**** SOURCE DATA ****
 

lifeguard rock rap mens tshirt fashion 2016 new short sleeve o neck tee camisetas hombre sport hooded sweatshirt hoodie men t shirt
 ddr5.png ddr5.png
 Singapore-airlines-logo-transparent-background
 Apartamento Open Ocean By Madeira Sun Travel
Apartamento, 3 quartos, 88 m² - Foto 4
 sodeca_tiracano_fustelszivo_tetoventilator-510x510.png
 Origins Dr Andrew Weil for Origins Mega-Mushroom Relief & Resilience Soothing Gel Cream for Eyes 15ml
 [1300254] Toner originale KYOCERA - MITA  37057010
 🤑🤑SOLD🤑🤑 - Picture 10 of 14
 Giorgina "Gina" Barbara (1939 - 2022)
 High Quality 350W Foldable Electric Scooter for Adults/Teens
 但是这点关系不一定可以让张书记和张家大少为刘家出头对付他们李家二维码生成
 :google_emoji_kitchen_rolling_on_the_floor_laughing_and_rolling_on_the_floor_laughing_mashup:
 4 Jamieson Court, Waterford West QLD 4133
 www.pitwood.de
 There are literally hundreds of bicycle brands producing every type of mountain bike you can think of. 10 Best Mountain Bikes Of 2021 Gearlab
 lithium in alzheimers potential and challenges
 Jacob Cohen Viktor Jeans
****
**** SOURCE DATA ****
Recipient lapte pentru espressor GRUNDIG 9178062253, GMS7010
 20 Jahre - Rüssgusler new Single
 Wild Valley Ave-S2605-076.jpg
****
§ **TASK DESCRIPTION**: Copy each line containing the word "Apartamento" from the data.

§ **TASK OUTPUT**:
 Apartamento Open Ocean By Madeira Sun Travel
Apartamento, 3 quartos, 88 m² - Foto 4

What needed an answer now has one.